Short descriptive text snippets
====

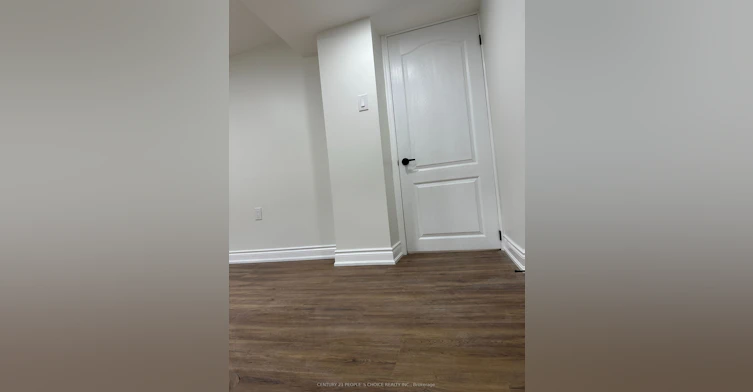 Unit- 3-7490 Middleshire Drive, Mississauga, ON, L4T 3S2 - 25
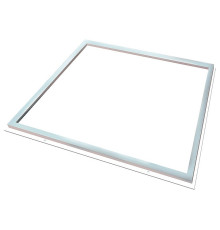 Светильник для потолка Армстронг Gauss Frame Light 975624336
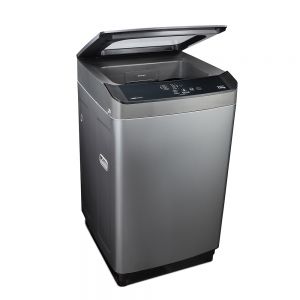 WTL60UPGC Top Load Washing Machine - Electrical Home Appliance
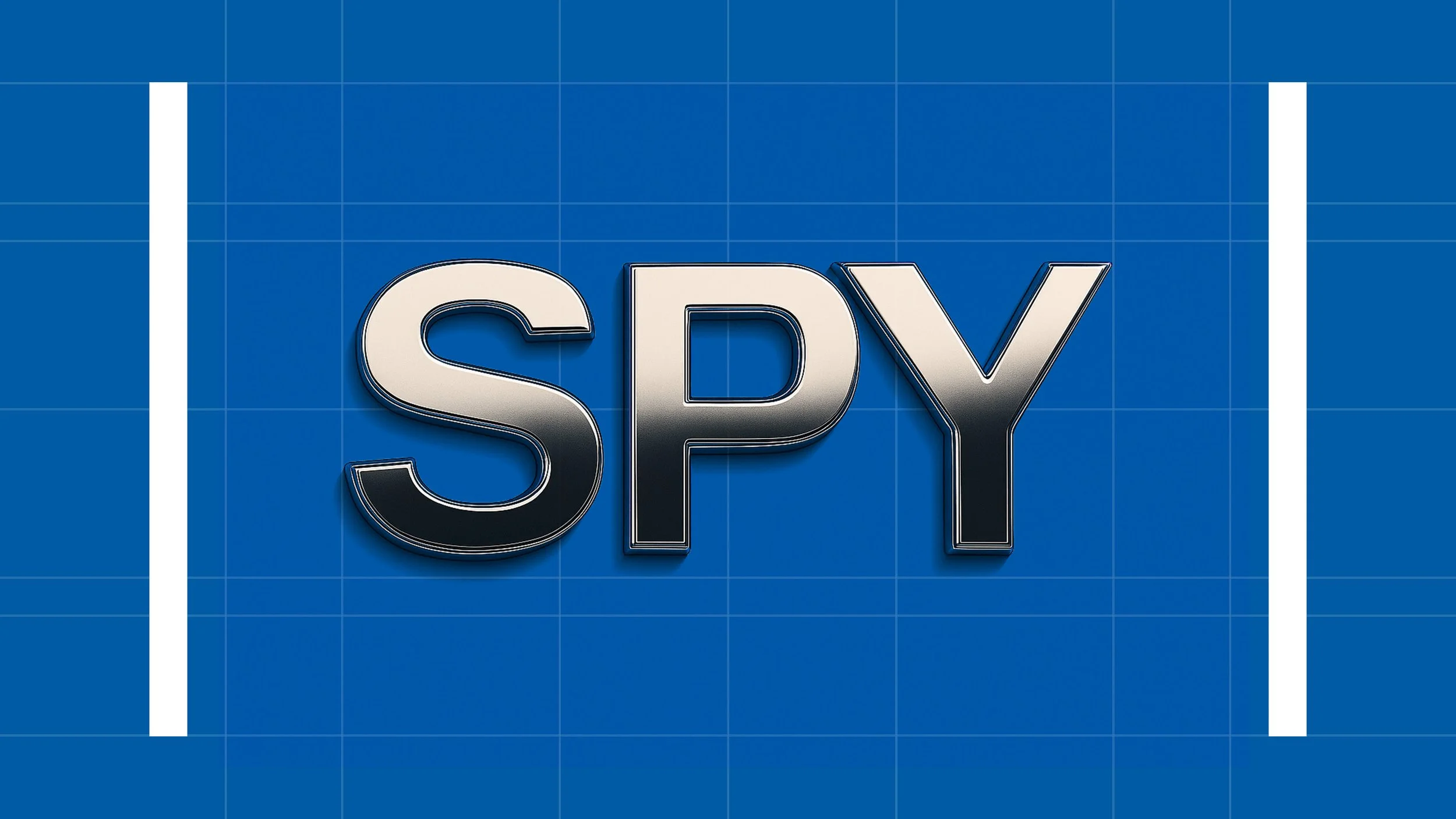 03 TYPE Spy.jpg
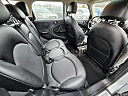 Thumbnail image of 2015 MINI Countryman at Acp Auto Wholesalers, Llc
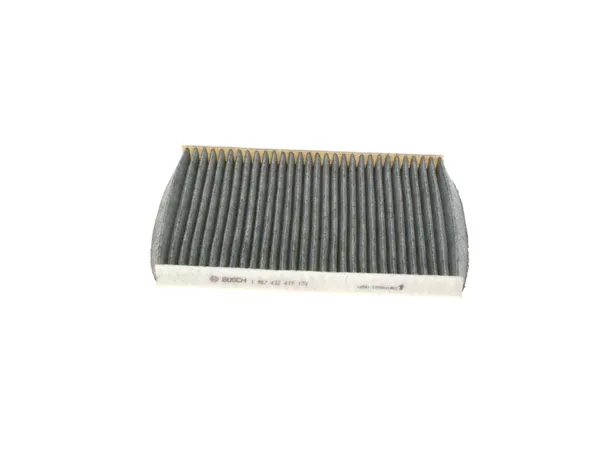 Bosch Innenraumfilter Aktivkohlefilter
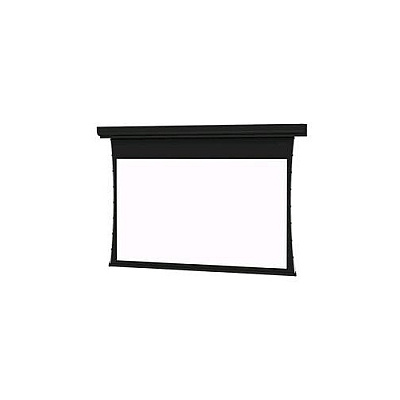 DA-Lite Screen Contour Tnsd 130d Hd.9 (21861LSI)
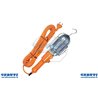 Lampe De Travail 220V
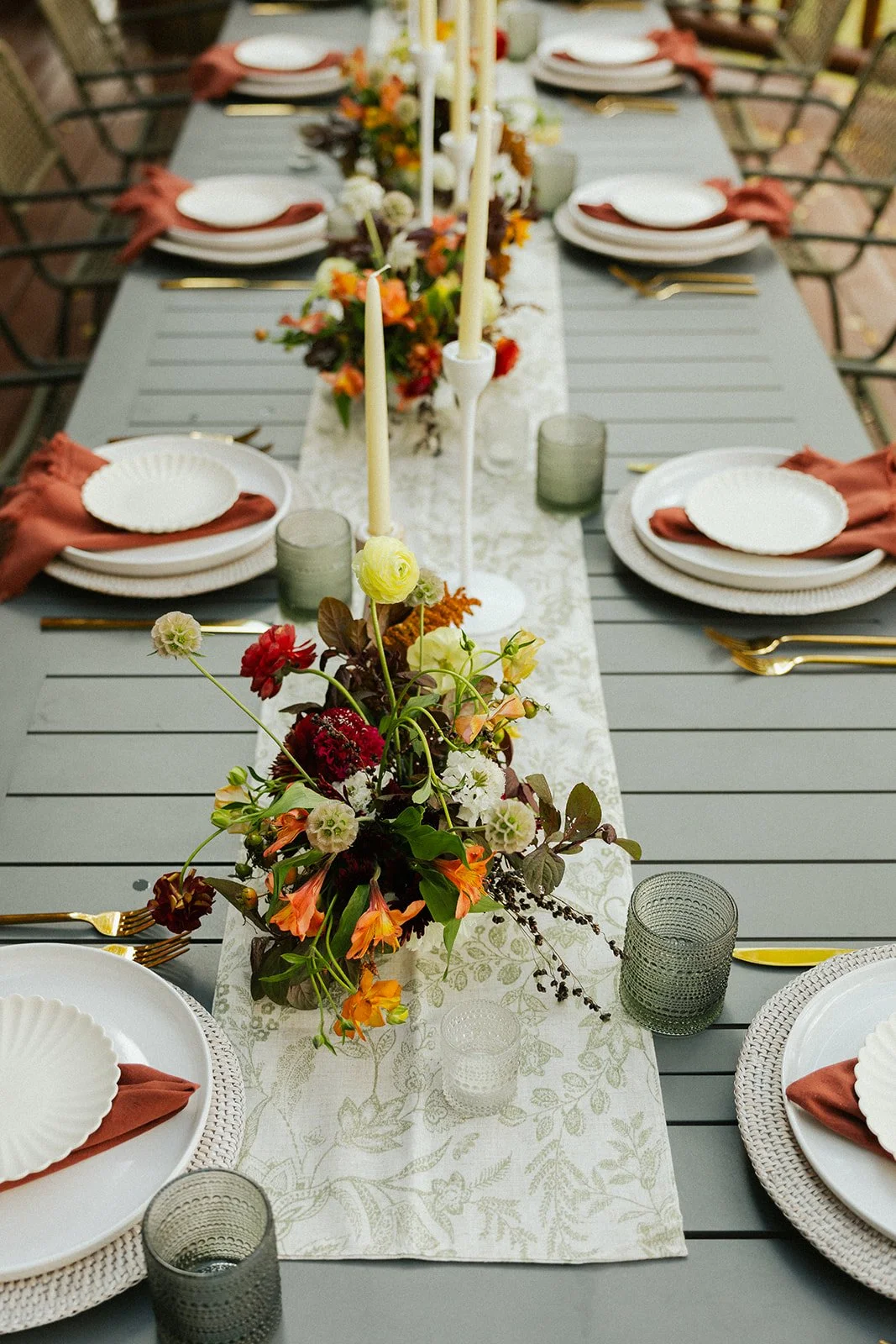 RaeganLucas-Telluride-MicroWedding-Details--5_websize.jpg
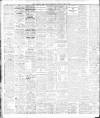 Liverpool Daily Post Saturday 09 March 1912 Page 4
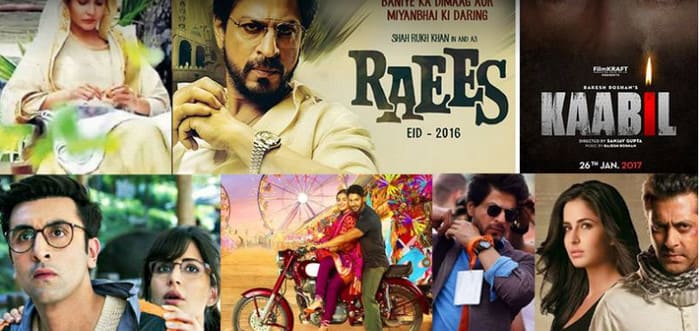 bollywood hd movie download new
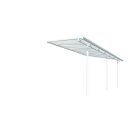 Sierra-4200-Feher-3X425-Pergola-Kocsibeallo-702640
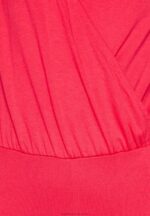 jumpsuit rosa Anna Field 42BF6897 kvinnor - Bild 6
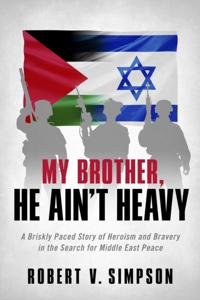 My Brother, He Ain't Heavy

====

**Problem statement:** What is needed is an exact copy of the lines from the line with "Sierra-4200-Feher-3X425-Pergola-Kocsibeallo-702640" to the end of the data above, both included, without any pictures.

**Exercise output:**
 Sierra-4200-Feher-3X425-Pergola-Kocsibeallo-702640
 jumpsuit rosa Anna Field 42BF6897 kvinnor - Bild 6
 My Brother, He Ain't Heavy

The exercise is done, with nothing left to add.